‘Guernica’ Tapestry Is Taken Back From U.N. by a Rockefeller
For more than three decades, a 25-foot long canvas tapestry replica of “Guernica” hung outside the United Nations Security Council chamber, the backdrop for speeches by diplomats who were working to avert the atrocities depicted in Picasso’s iconic antiwar painting.
But now the tapestry is gone, repossessed by its owner, Nelson A. Rockefeller Jr., whose family had commissioned the tapestry in the 1950s and lent it to the United Nations in 1985.
Stéphane Dujarric, a spokesman for Secretary General António Guterres, told reporters on Friday that Mr. Rockefeller had recently requested the tapestry back, and that it had been returned to him earlier this month.
From today's noon briefing: Guernica tapestry returned on request to owner Nelson Rockefeller Jr. The tapestry, a moving reminder of the horrors of war, hung outside the @UN Security Council stakeout for thirty-five years. pic.twitter.com/7Uiw23z9TI
“I feel sad and a sense of loss looking at that empty wall,” Mr. Dujarric said. “The tapestry was not only a moving reminder of the horrors of war but, because of where it stood, it was also a witness to so much history that unfolded outside of the Security Council since 1985.”

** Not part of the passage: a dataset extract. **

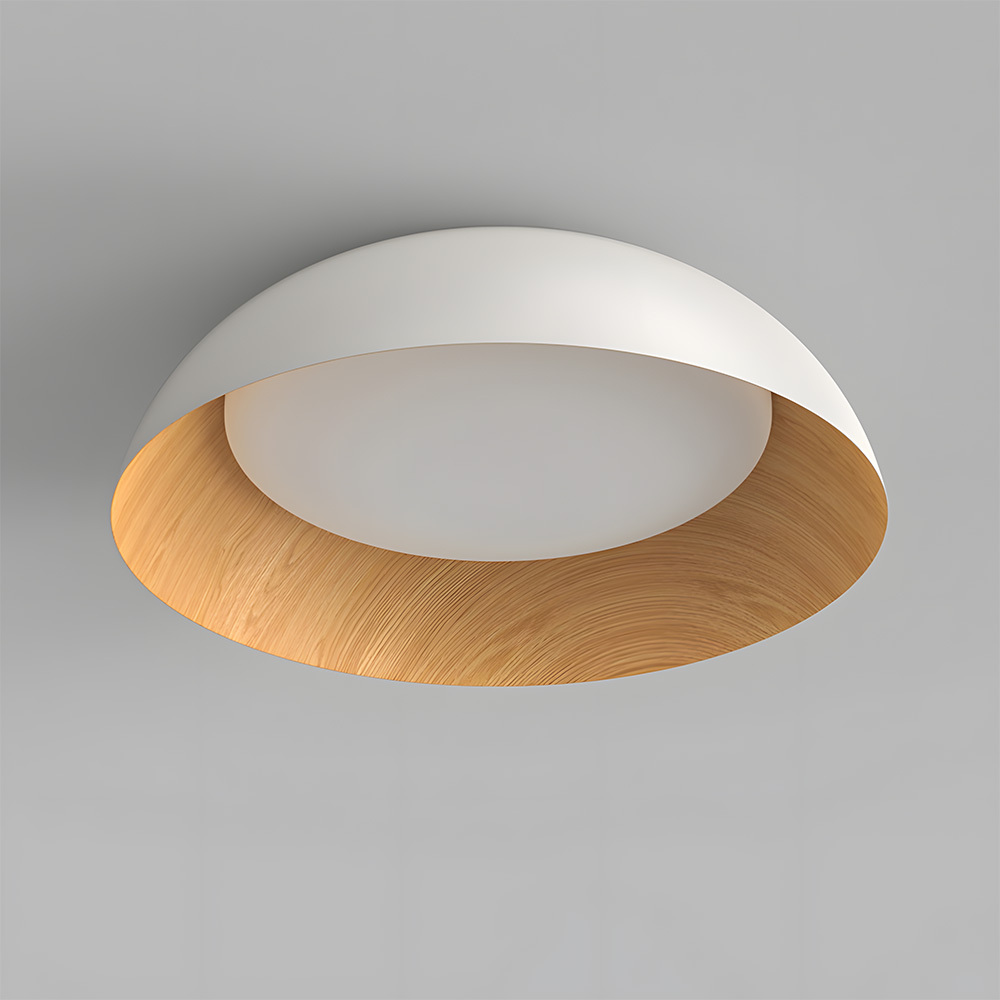 Minimalist Flush Mount Iron LED Ceiling Lamp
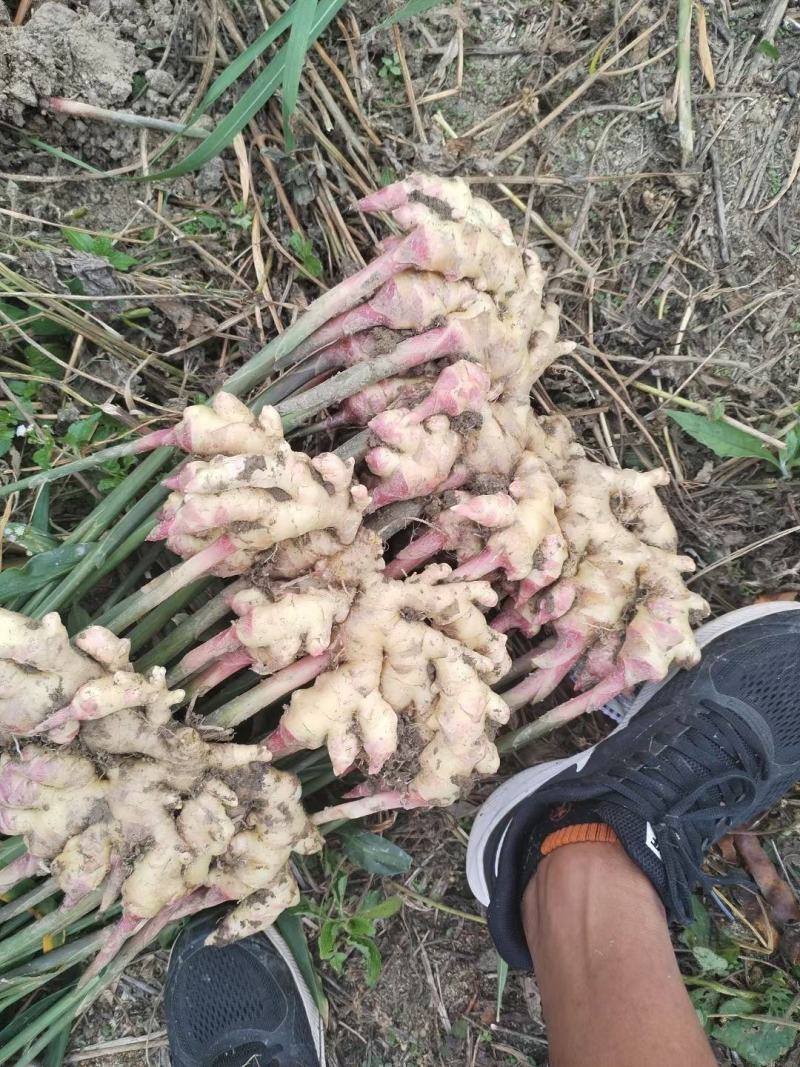 云南红河_精品小黄姜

Mr. Dujarric said he had no information on why Mr. Rockefeller — a scion of the family that gifted 16 acres of Manhattan’s East Side to the United Nations for its headquarters — had wanted “Guernica” back. Messages left for Mr. Rockefeller at the Rockefeller Family Fund, the New York-based charitable foundation, were not immediately returned.
“I can tell you the secretary general tried very hard to keep the tapestry here but we were not successful,” Mr. Dujarric said, adding that Mr. Guterres would “review options for other art” to adorn the wall.
Mr. Guterres, who walked past the empty wall on Thursday to greet the new American ambassador, Linda Thomas-Greenfield, told CBS News that “it’s horrible, horrible that it is gone.”
Picasso’s original painting, done in 1937 during the Spanish Civil War and now hanging in a Madrid museum after a 42-year stay at the Museum of Modern Art in New York, depicted the bombing of Guernica, Spain, by Nazi German aircraft that nearly obliterated the city and killed or wounded a third of its population.
The painting’s haunting black-and-gray images of screaming humans and animals turned “Guernica” into an enduring symbol of war’s monstrosities.